Work task: Would you output the lines from the one with "幸福一生还是离婚?两个简单测试给你答案" through the last line of the material below, exactly, but without pictures?

Excerpted records:
[Start of section]

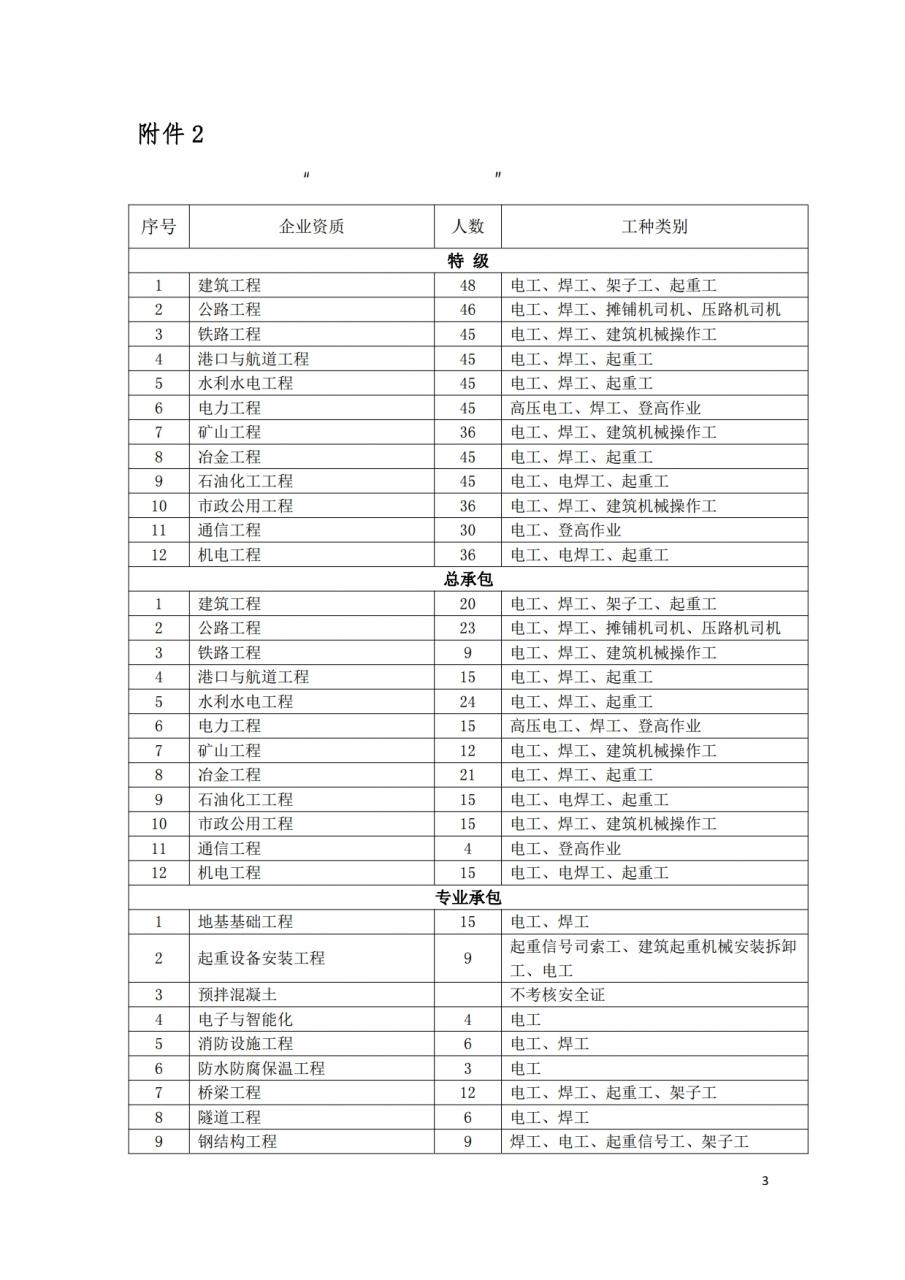 建筑施工企业“特种作业人员”持证基本人数一览表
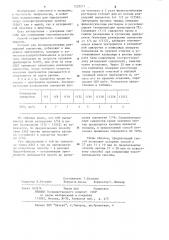 Способ определения титра антиэритроцитарных антител (патент 1222277)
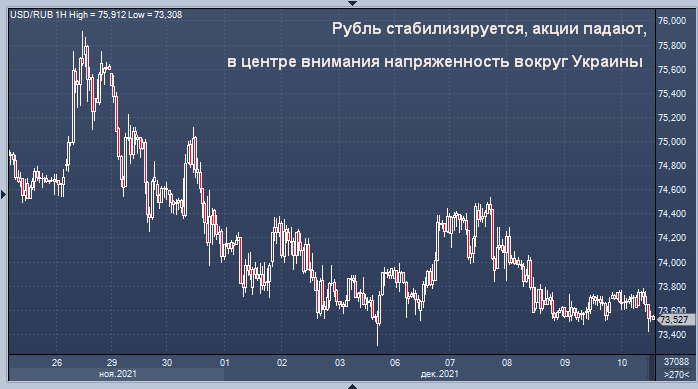 Рубль стабилизируется, акции падают, в центре ...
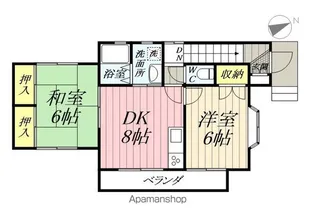 埼玉県八潮市大字二丁目【アパート】の間取り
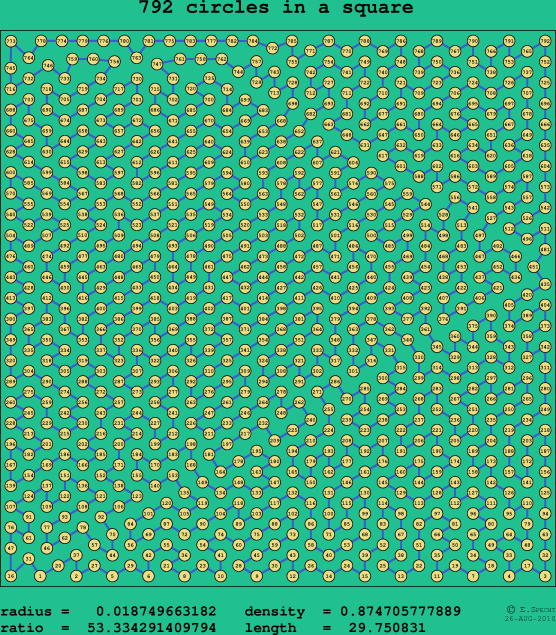 792 circles in a square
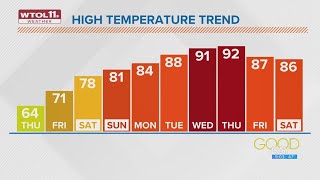 Chilly Thursday ahead of warm up, summer-like conditions | Good Day 'On the Road'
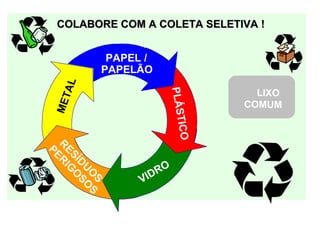 PAPEL /
PAPELÃO
PLÁSTICOVIDRO
METAL
R
ESÍD
U
O
S
PER
IG
O
SO
S
LIXO 
COMUM
COLABORE COM A COLETA SELETIVA !COLABORE COM A COLETA SELETIVA !  
 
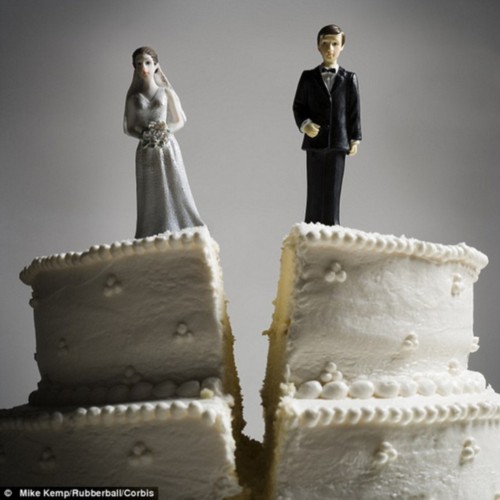 幸福一生还是离婚?两个简单测试给你答案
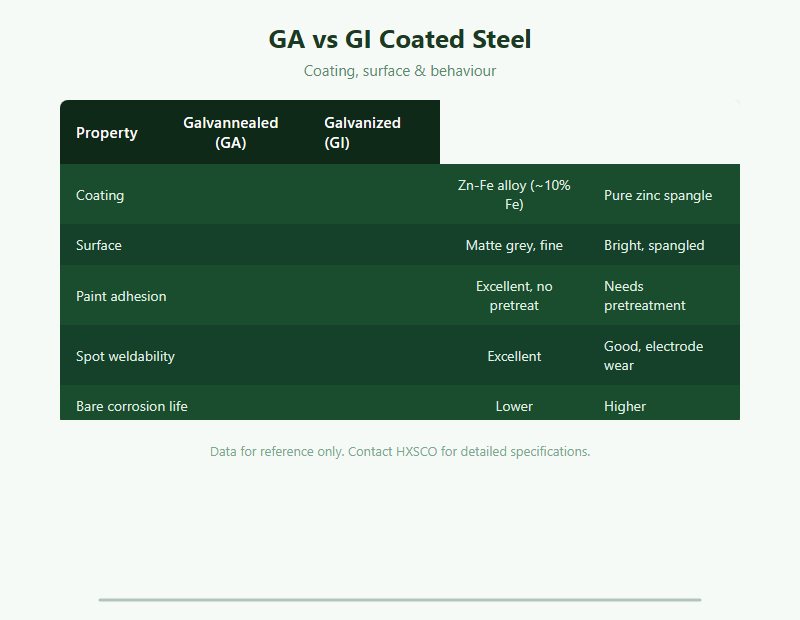 Galvannealed Steel Guide: GA Coating, Weldability & Paint Adhesion chart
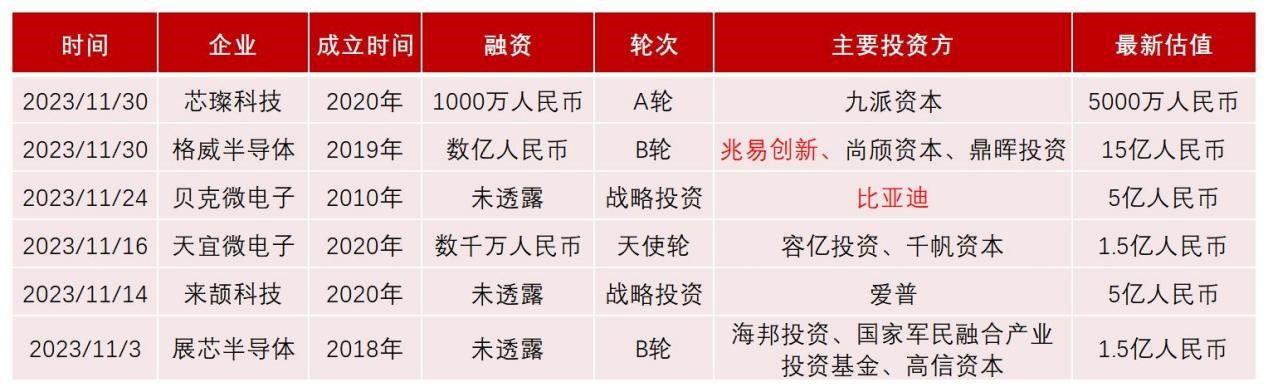 11月多家模擬初創企業拿到融資，兆易創新、比亞迪大廠都投了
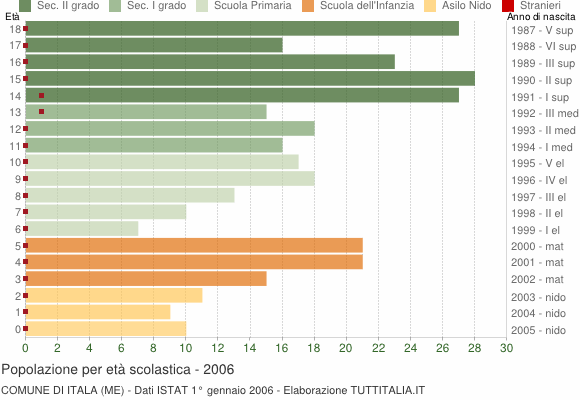 Grafico Popolazione in età scolastica - Itala 2006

[End of section]

Answer space:
 幸福一生还是离婚?两个简单测试给你答案
 Galvannealed Steel Guide: GA Coating, Weldability & Paint Adhesion chart
 11月多家模擬初創企業拿到融資，兆易創新、比亞迪大廠都投了
 Grafico Popolazione in età scolastica - Itala 2006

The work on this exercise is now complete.